> _Activity_:
Could you output each line below exactly as it appears, excluding any pictures?

> _Provided data_:
::::::
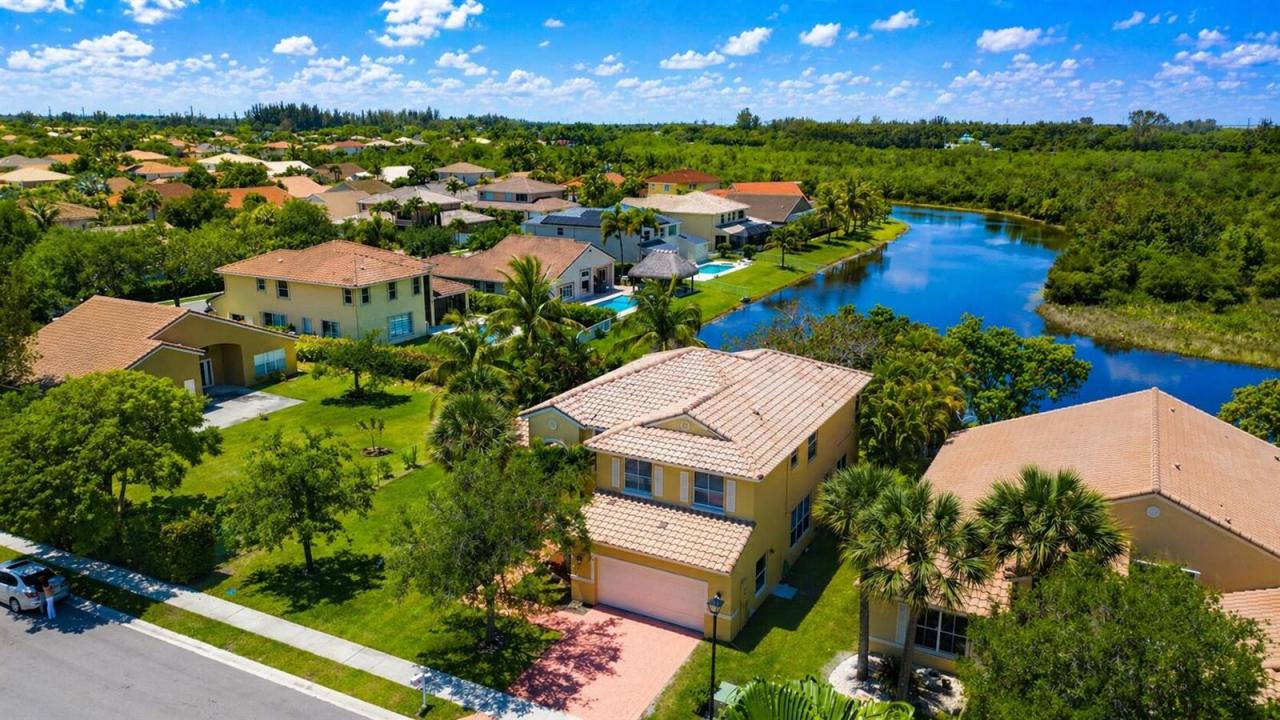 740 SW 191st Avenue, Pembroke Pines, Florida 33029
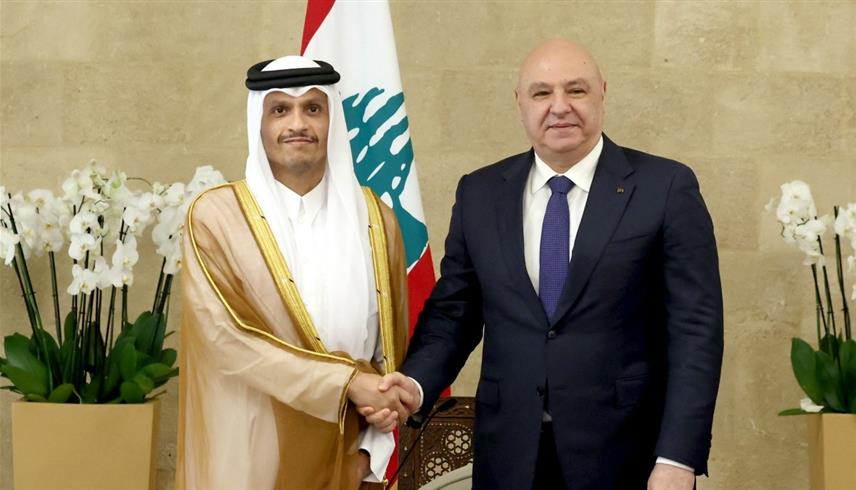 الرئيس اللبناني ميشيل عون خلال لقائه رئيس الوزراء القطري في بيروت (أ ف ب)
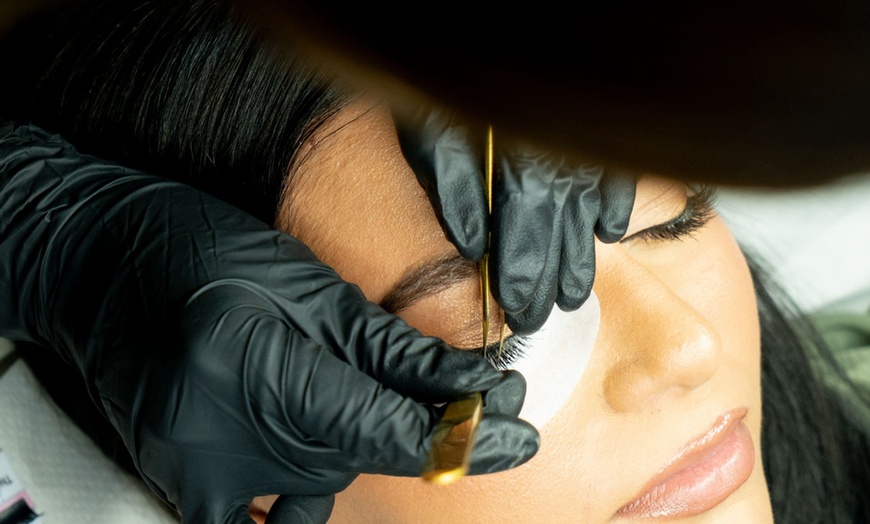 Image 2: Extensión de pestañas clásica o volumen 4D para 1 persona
::::::
> _Reply to the exercise_:
 740 SW 191st Avenue, Pembroke Pines, Florida 33029
 الرئيس اللبناني ميشيل عون خلال لقائه رئيس الوزراء القطري في بيروت (أ ف ب)
 Image 2: Extensión de pestañas clásica o volumen 4D para 1 persona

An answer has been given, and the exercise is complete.